In a paper dated April 13, 2020, Jeffrey E. Harris of M.I.T. claims that “New York City’s multitentacled subway system was a major disseminator – if not the principal transmission vehicle – of coronavirus infection during the initial takeoff of the massive epidemic.” Oddly, he does not go on to offer evidence in support of this claim in his paper.

Conversely, as I will show, data show that local infections were negatively correlated with subway use, even when controlling for demographic data. Although this correlation study does not establish causation, it more reliably characterizes the spread of the virus than the intuitions and visual inspections that Harris relies on. 

Data

In an ongoing crisis with a shortage of tests, all infection and mortality data come with a major asterisk: we do not fully know the extent of the data. Only when all-cause mortality data and more-extensive testing data are available can any conclusions be confirmed. This study, like Harris’ and others, is subject to potentially massive measurement error.

Data from the American Community Survey (2018 5-year averages) show that commuting modes vary extensively across New York City. New York is broken into Community Districts (CDs), which generally correspond (on either a one-to-one or two-to-one basis) with Census Public Use Microdata Areas (PUMAs). These 55 areas contain between 110,000 and 241,000 people each. The most car-dependent PUMA (Staten Island CD3) has a car-commute share of 75%; the least car-dependent PUMA is Manhattan CD 1 & 2 with just 4% commuting by car. Generally, subway and automobile commuting are mirror images – the correlation is -.88 – even though a substantial share of New Yorkers use non-subway transit, walking, or biking to get to work. The subway commute share varies from 2.5% (Staten Island CD3 again) to 72% (Manhattan CD10 – Central Harlem). Other transit, mostly buses, is positively correlated with automobile share; both reflect the absence of subway access. However, other transit use never exceeds 29%.

In addition to commuting data, I report some ACS demographic data by PUMA.

New York City began publishing Zip code-level data on coronavirus tests and infections on April 1. These data reflect positive tests that result from virus exposures that took place up to two weeks prior. Ideally, one would prefer to use data from mid- to late-March to identify geographic patterns underlying the early spread. Citywide, 18,035 cases are reported from tests administered March 1 – March 20; we might think of these as the wave of cases contracted mainly before the city substantially shut down over the weekend of March 14. Tests administered March 21 to 30 added another 40,230 cases; these cases may have been contracted during the shutdown. Thus, it is possible that a majority of even the earliest available detailed-geography data are from post-shutdown infections.
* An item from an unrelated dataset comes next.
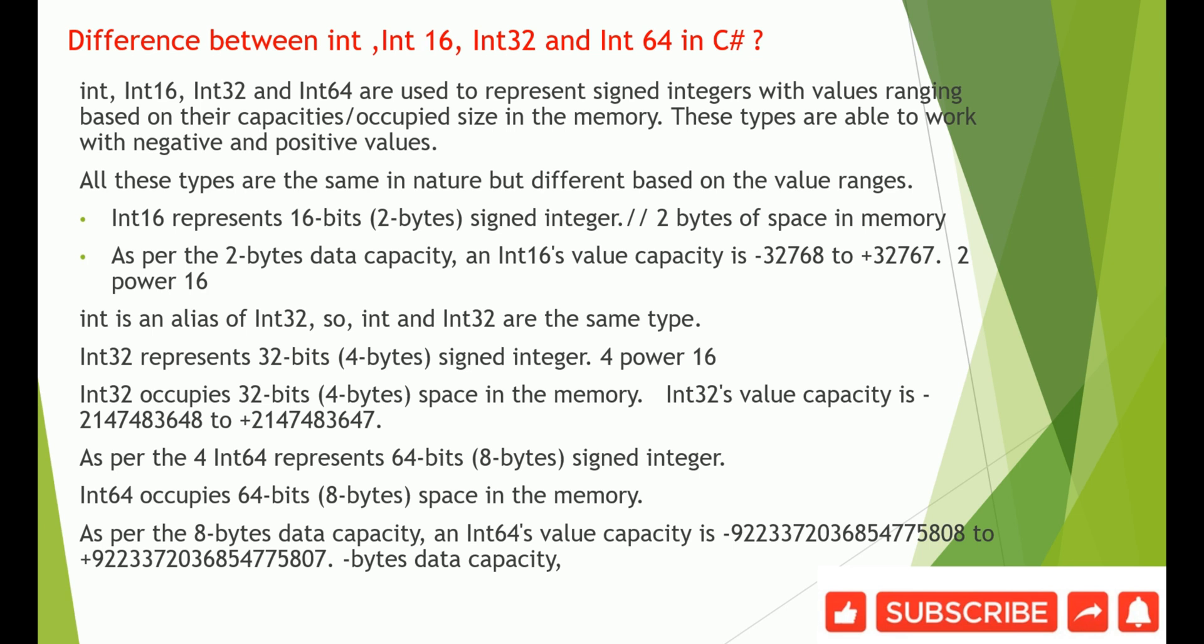Hello everyone, in this video we will understand what is the difference between int, Int16, Int32, and Int64 in C#. Int, Int16, Int32, and Int64 are integer data types to store different integers with their values ranging based on their capacities and occupied size in the memory.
As of April 1, the city could identify a clear coronavirus hotspot centered on Corona, Queens (because apparently the Grim Reaper has a cruel sense of humor). But by then the virus was everywhere.

I use a geographic correspondence file to ascribe Zip code level infection data to PUMAs. The borders are not generally coterminous, but many Zip codes are contained entirely in a single PUMA.

Correlations

Table 1 shows that the April 1 case rate was positively correlated with automobile and, to a lesser degree, non-subway transit commute shares. Measures of affluence and access to healthcare are negatively correlated with the case rate. Asian share is uncorrelated with case rate.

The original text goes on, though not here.